Five years ago the One Laptop per Child foundation was formed with the goal to "create educational opportunities for the world's poorest children by providing each child with a rugged, low-cost, low-power, connected laptop." The initiative began mass production of the laptops in November 2007, with partnerships with governments to distribute the laptops amongst communities. Over the last two years, 362,000 pupils and 18,000 teachers were part of the project and received access to the laptops.
The laptops offer the ability for teachers to share content with students with a local mesh wireless network, but the largest issue is that the laptops couldn't receive new educational content due to the laptops being primarily deployed in "impoverished schools and communities in areas of the world where there are no phone lines, let alone Internet services" according to a press release from Microsoft.
This is where "OneBeep," a team which entered in the "Imagine Cup" come in. The Imagine Cup is a competition run by Microsoft which encourages young people across the planet to come together and solve the world's problems and to bring out the best idea each year based on a set challenge. This years theme was "Imagine a world where technology helps solve the world's toughest problems."
Team OneBeep is made up of Vinny Jeet, Steve Ward, Kayo Lakadia and Chanyeol Yoo, with James Valentine from Fronde as the business mentor, and Dr. Nirmal Nair from Auckland University as the academic mentor. OneBeep came up with an innovative solution to the challenges presented in third worlds, and developed software that would "package a file of educational data as audio, to be sent over Analogue radio waves" to allow the OLPC students and teachers to receive new and updated content easier than ever before.
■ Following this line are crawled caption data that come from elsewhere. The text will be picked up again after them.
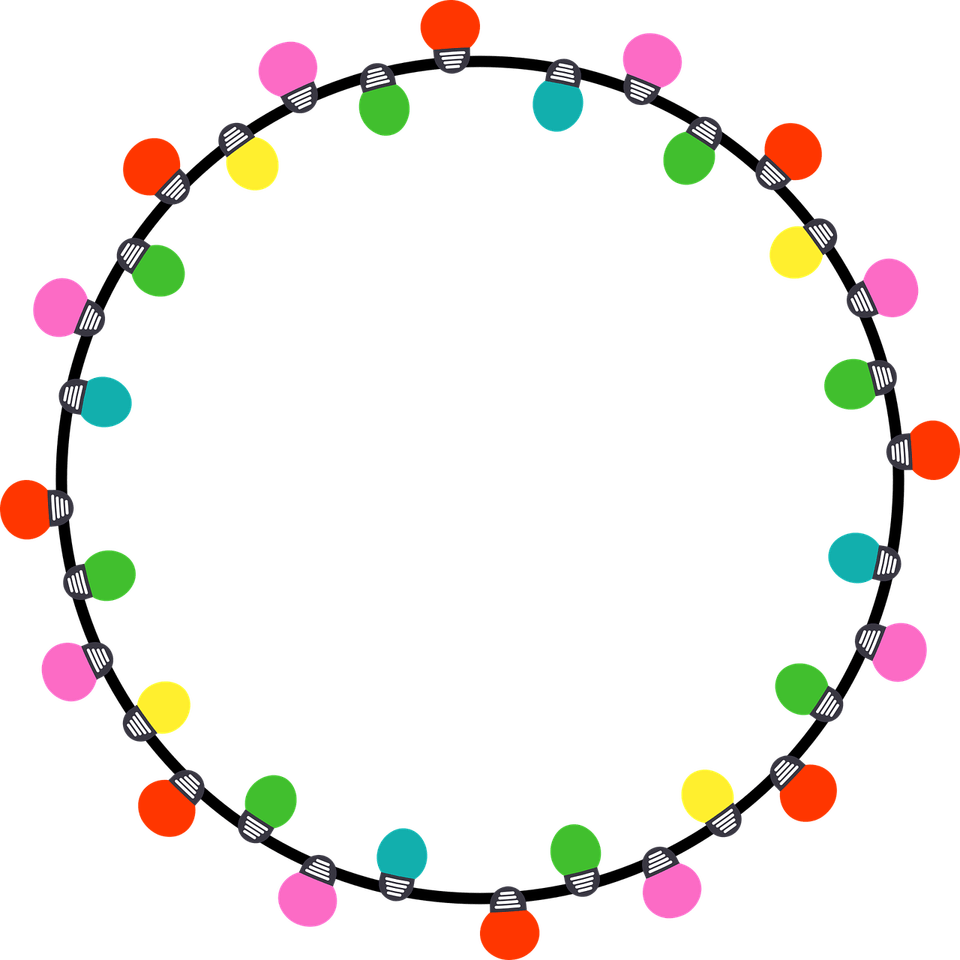Light Christmas PNG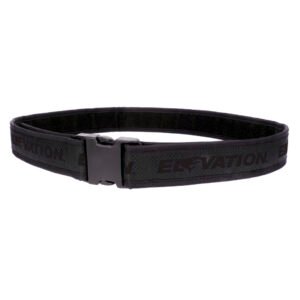 Elevation Pro Shooters Belt Black 28-46 In.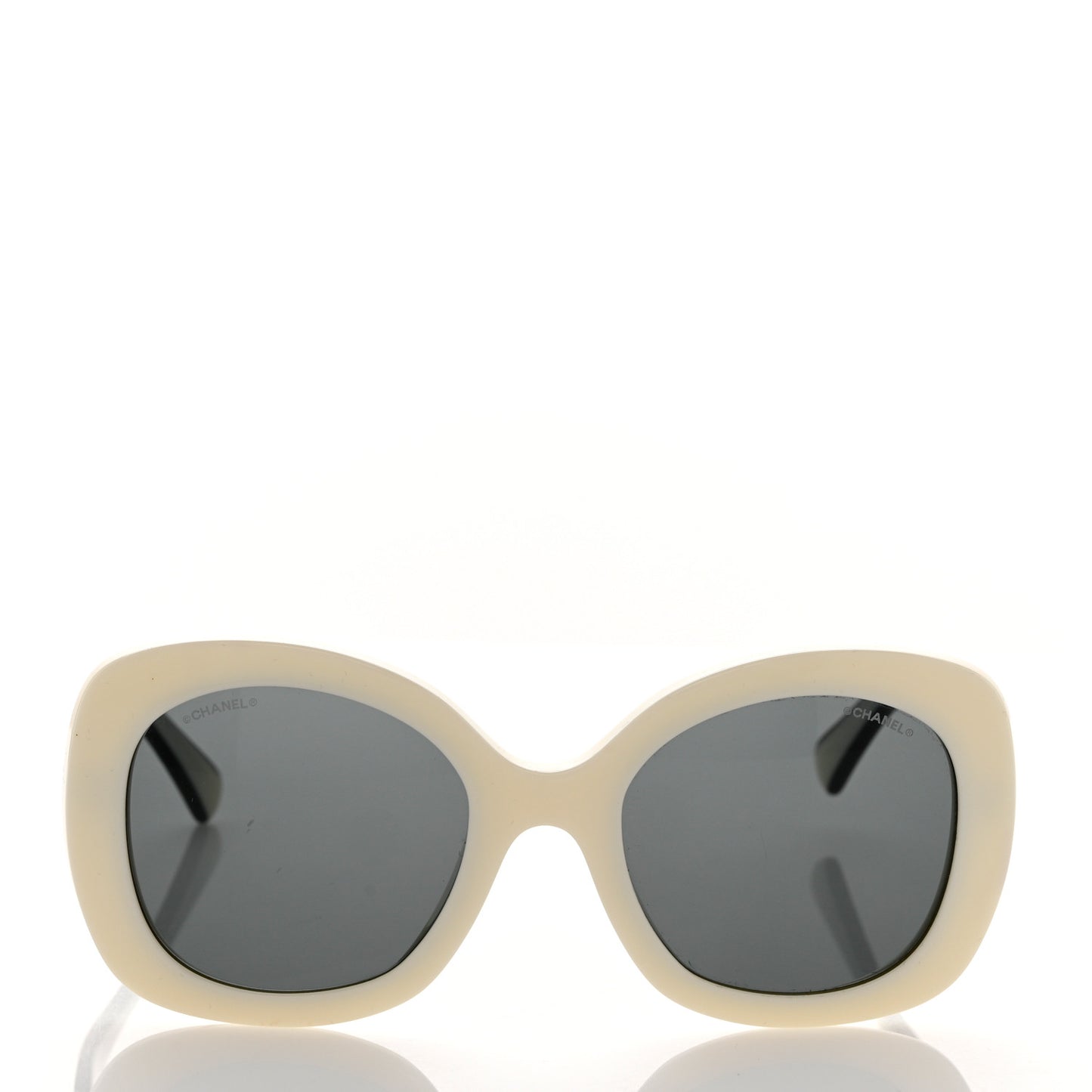 Acetate Sunglasses 71414A White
The radio transmissions can be received on almost any AM/FM radio which has a headphone jack, and the file is then converted back into the original file for use, which allows the laptops content to be updated with content easily and over long distances. The only new hardware needed to make the innovation work being a simple audio cable. Currently the team says they can transmit data at 1kbps, which seems slow, but in reality is much better than nothing at all. This allows a word document to be transmitted in around 10 minutes to over 5000 students in Rwanda.
The team was placed third in the Imagine Cup 2010, which is a great honor for the team and is currently working with the OLPC foundation to continue the project and plan to open-source the software in the future.